The Minnesota Supreme Court recently rejected an attempted double recovery when calculating preverdict interest.
On August 13, 2025, the Minnesota Supreme Court confirmed the purpose of preverdict interest is to compensate plaintiffs for the lost time-value of money not yet received. It clarified that if interest was awarded on money plaintiffs had already received (i.e., awarding preverdict interest on money received from collateral sources) that would provide plaintiffs with more than full compensation—“a consequence the Legislature [“likely”] did not intend when enacting [Minnesota’s statute governing interest on verdicts, awards and judgments].”
In Scheurer v. Shrewsbury, the Supreme Court addressed two issues: (1) whether a prevailing party is entitled to preverdict interest on the full amount of a verdict, or on a lesser amount entered as a judgment and reflecting the jury verdict amount less sums previously obtained from collateral sources such as payments received on account of health, automobile and other insurance coverages and benefits; and (2) whether serving a written offer of settlement negates the requirement that an action must be commenced within two years for preverdict interest to begin to accrue.
With respect to the second issue, the Supreme Court confirmed that a written offer of a settlement does not negate the statutory requirement that an action must be commenced within two years of a written notice of claim for preverdict interest to begin accruing from the time a party serves its notice of claim.
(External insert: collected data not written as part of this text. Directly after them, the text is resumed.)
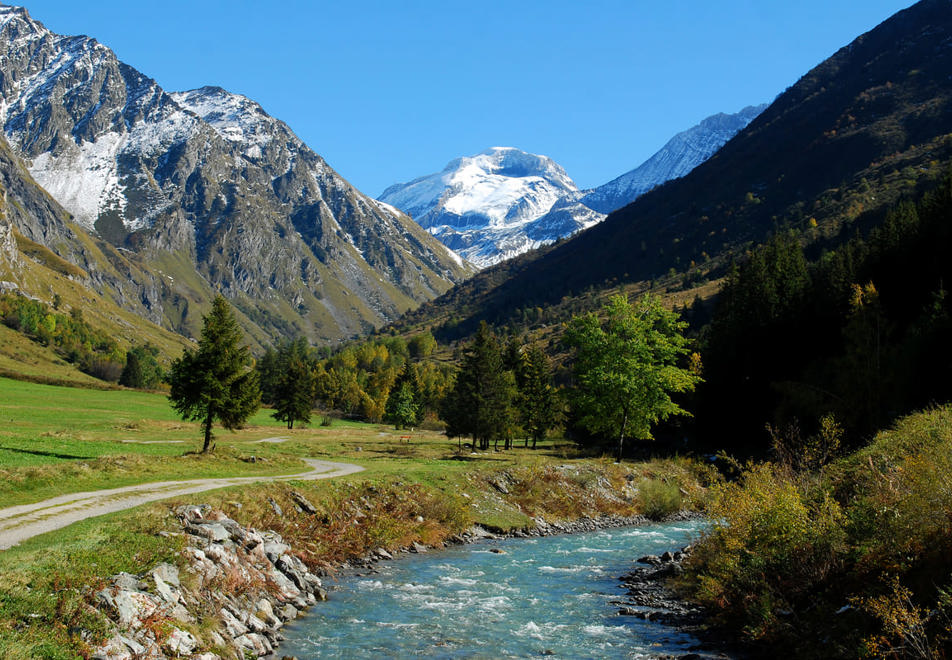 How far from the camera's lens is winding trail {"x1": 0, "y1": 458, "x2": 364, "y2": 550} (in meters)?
18.7

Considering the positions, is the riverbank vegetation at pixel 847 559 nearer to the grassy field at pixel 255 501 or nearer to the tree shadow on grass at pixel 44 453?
the grassy field at pixel 255 501

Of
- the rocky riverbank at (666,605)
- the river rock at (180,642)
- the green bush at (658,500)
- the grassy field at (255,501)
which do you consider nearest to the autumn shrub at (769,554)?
the rocky riverbank at (666,605)

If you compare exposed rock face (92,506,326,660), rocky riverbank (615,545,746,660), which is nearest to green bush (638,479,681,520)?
rocky riverbank (615,545,746,660)

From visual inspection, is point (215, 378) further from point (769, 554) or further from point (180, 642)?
point (769, 554)

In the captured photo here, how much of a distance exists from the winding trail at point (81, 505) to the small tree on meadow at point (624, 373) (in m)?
29.6

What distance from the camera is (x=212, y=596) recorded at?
17656mm

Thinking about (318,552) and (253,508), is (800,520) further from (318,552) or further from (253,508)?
(253,508)

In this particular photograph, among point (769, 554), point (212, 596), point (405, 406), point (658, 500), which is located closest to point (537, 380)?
point (658, 500)

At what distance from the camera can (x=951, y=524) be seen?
14.0 m

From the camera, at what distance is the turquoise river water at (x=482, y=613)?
1719 cm

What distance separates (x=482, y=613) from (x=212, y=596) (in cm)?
831

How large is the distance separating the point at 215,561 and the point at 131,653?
21.0ft

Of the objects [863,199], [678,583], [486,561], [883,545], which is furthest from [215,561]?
[863,199]

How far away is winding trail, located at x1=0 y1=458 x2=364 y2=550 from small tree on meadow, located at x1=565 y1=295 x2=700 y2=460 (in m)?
29.6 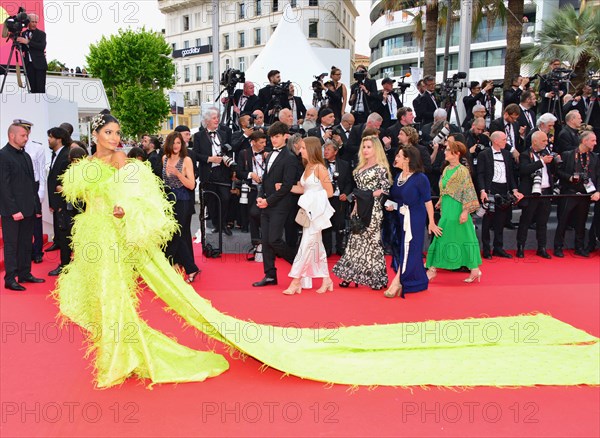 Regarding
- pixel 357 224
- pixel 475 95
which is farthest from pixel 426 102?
pixel 357 224

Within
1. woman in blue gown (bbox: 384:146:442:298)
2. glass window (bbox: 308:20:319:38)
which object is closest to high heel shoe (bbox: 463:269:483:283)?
woman in blue gown (bbox: 384:146:442:298)

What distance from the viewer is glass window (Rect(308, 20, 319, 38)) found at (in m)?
57.3

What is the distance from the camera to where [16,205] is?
21.5 ft

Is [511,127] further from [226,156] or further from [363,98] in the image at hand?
[226,156]

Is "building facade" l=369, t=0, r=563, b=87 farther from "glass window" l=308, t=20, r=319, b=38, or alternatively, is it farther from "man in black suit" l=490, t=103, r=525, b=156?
"man in black suit" l=490, t=103, r=525, b=156

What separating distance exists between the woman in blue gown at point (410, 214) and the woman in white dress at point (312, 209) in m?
0.74

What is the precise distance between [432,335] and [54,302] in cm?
380

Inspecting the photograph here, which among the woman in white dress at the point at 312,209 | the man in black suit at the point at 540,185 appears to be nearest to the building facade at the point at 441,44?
the man in black suit at the point at 540,185

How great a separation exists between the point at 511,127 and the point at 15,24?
8.47 metres

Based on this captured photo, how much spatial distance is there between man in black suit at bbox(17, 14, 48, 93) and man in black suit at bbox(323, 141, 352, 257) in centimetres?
624

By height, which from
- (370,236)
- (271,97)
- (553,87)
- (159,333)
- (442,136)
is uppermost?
(553,87)

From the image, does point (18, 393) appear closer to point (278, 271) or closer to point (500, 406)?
point (500, 406)

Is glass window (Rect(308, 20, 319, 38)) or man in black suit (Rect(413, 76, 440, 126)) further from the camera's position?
glass window (Rect(308, 20, 319, 38))

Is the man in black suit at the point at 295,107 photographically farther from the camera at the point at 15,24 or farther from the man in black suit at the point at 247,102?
the camera at the point at 15,24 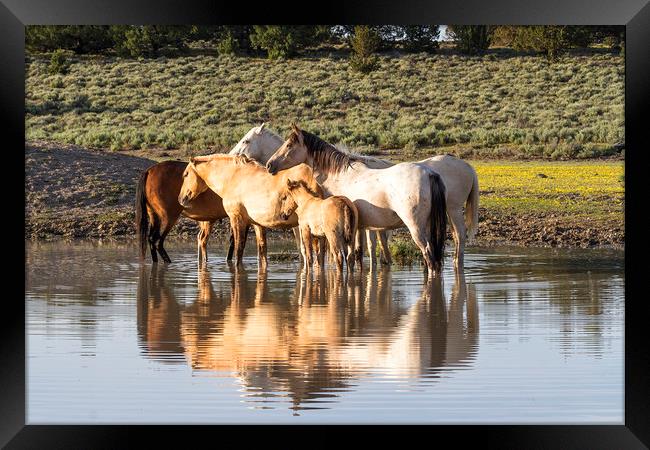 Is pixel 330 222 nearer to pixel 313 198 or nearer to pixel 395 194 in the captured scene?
pixel 313 198

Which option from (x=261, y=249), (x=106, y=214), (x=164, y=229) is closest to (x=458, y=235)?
(x=261, y=249)

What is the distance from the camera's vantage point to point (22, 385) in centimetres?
617

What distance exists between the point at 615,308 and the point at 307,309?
2.80 metres

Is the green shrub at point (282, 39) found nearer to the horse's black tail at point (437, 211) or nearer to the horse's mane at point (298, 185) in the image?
the horse's mane at point (298, 185)

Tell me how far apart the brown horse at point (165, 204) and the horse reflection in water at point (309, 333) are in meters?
3.28

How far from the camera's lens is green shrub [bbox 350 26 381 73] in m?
55.0

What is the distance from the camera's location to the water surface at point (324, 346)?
21.4 ft

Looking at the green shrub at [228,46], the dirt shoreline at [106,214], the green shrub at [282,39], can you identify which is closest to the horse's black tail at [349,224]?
the dirt shoreline at [106,214]

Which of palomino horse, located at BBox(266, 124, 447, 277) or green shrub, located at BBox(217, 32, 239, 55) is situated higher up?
green shrub, located at BBox(217, 32, 239, 55)

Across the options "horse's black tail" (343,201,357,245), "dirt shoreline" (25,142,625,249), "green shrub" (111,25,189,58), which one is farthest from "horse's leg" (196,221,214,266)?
"green shrub" (111,25,189,58)

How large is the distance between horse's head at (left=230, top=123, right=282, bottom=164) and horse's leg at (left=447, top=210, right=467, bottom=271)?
2673 mm

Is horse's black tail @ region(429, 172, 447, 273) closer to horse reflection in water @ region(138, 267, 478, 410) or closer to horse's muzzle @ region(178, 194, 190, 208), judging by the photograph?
horse reflection in water @ region(138, 267, 478, 410)

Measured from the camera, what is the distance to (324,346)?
8555mm

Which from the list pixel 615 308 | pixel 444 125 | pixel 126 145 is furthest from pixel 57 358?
pixel 444 125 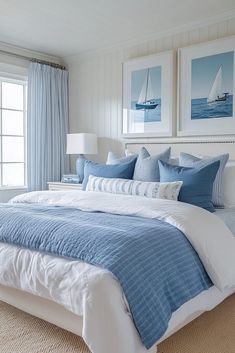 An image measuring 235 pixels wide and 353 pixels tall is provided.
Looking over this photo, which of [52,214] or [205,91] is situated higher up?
[205,91]

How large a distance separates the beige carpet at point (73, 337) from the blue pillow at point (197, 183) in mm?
807

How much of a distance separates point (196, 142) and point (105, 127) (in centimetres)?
128

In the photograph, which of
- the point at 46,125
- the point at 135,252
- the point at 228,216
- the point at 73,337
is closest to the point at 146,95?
the point at 46,125

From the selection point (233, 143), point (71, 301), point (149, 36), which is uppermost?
point (149, 36)

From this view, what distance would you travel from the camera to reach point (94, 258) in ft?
5.60

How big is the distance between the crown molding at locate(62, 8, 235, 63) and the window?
82 cm

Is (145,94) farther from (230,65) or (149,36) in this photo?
(230,65)

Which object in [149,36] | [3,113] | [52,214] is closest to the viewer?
[52,214]

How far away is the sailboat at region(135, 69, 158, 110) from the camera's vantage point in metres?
3.92

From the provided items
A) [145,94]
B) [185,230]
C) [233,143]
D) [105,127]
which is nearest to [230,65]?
[233,143]

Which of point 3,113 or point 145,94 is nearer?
point 145,94

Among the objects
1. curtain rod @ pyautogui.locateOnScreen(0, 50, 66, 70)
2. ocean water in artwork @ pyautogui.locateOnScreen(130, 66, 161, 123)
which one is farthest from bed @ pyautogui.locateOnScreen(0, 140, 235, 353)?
curtain rod @ pyautogui.locateOnScreen(0, 50, 66, 70)

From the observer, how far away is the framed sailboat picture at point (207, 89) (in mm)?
3379

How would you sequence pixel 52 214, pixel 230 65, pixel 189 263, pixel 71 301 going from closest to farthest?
pixel 71 301 → pixel 189 263 → pixel 52 214 → pixel 230 65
This article focuses on the first issue. Specifically, it focuses on the calculation of preverdict interest pursuant to Minnesota Statutes section 549.09, subdivision 1(b) when the verdict amount is reduced by payments from collateral sources. Further details about the Scheurer v. Shrewsbury preverdict interest calculation are discussed below.
Ultimately, the Minnesota Supreme Court held that under Minnesota’s statute governing interest on verdicts (i.e., Minn. Stat. § 549.09, subdivision 1(b)), a prevailing party is entitled to preverdict interest on the judgment, which does not include collateral sources deducted from the jury verdict.
In the Scheurer case, the jury rendered a verdict awarding Scheurer a total of $292,340 in compensatory damages. The defendant moved for determination of collateral sources and reduction of the damage award. As a result, the district court reduced the total jury verdict from $292,340 to $194,631 based on its determination of the collateral source payments received by the plaintiff.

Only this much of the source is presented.